↓

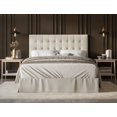 thumbnail image 1 of HMD Larry Queen Tufted Upholstered Panel Bed, Warm Gray, 1 of 3
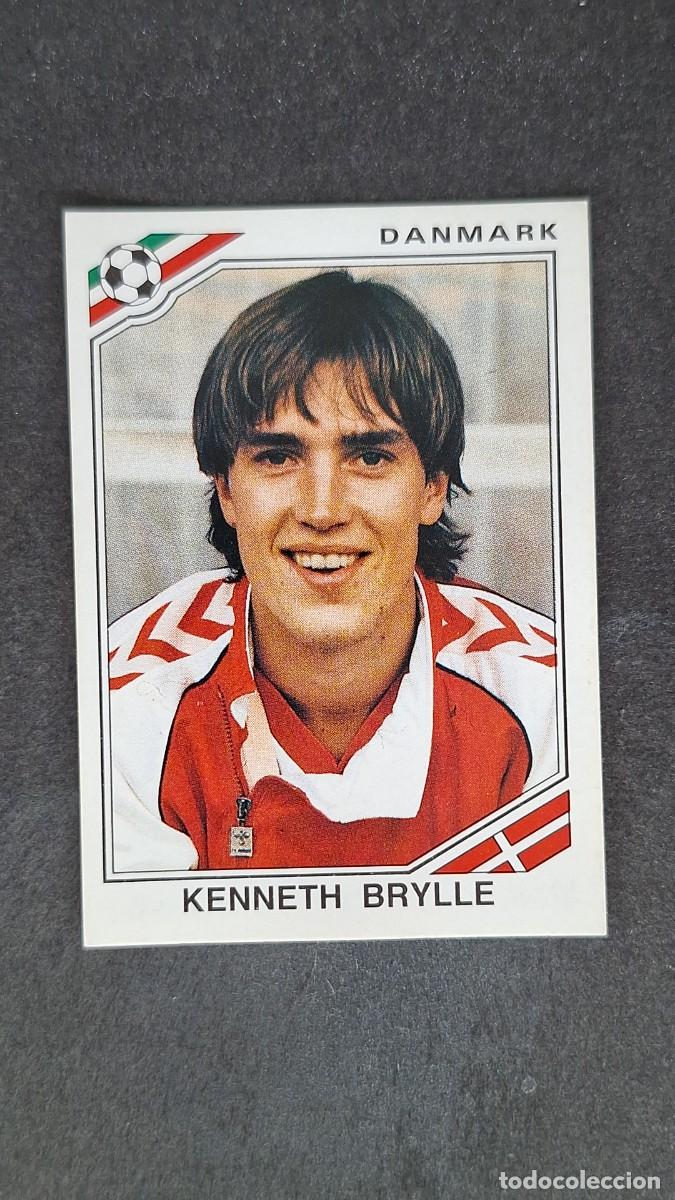 Cromos de F&uacute;tbol: L3 KENNETH BRYLLE SELECCION DINAMARCA 362 MUNDIAL MEXICO 86 PANINI NUNCA PEGADO SIN PEGAR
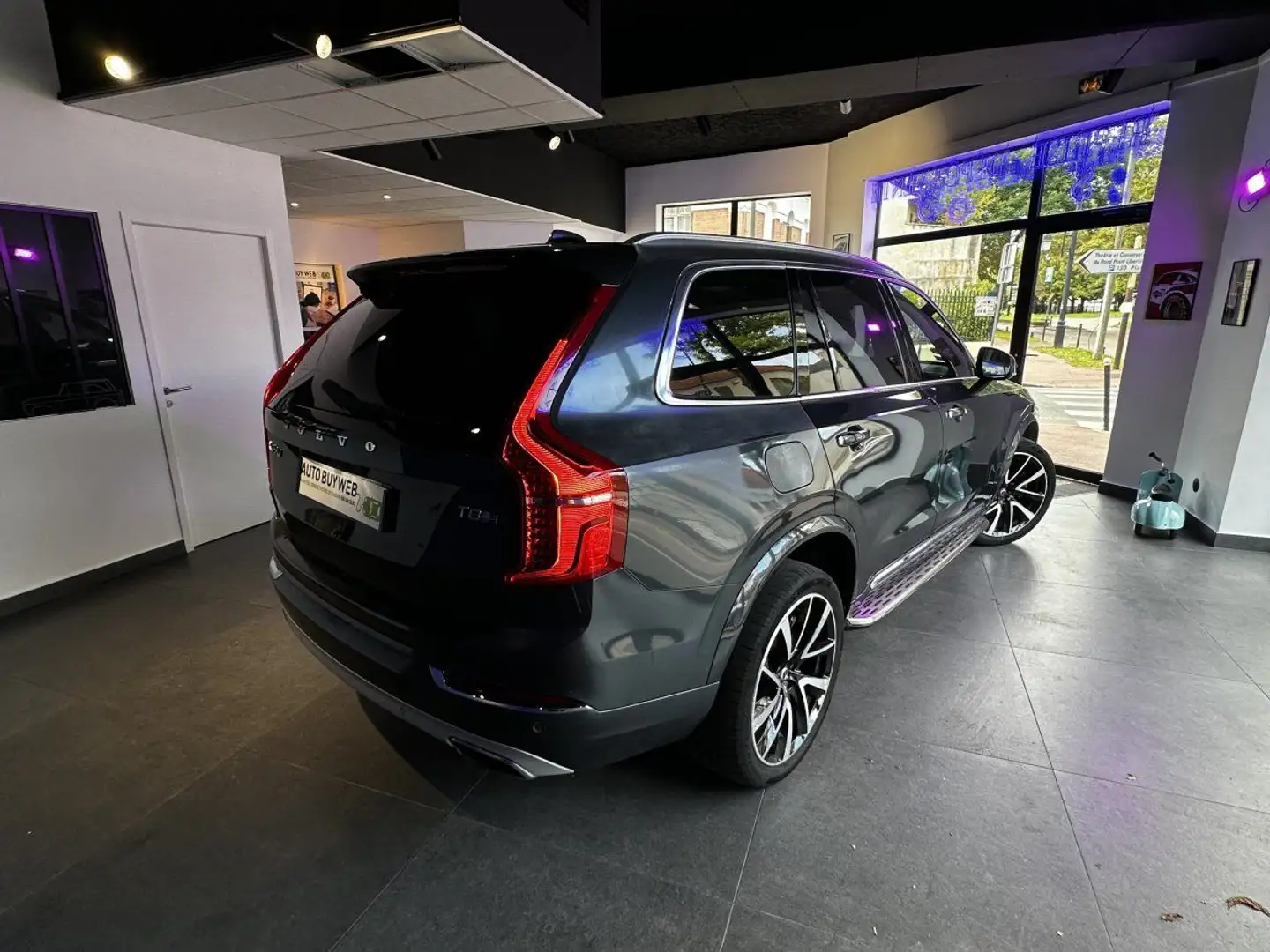 Volvo XC90 T8 Twin Engine 320%2B87 ch Geartronic 7pl Inscript Gris - 2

↑

Set down the material word for word, and drop every picture from it.

 thumbnail image 1 of HMD Larry Queen Tufted Upholstered Panel Bed, Warm Gray, 1 of 3
 Cromos de F&uacute;tbol: L3 KENNETH BRYLLE SELECCION DINAMARCA 362 MUNDIAL MEXICO 86 PANINI NUNCA PEGADO SIN PEGAR
 Volvo XC90 T8 Twin Engine 320%2B87 ch Geartronic 7pl Inscript Gris - 2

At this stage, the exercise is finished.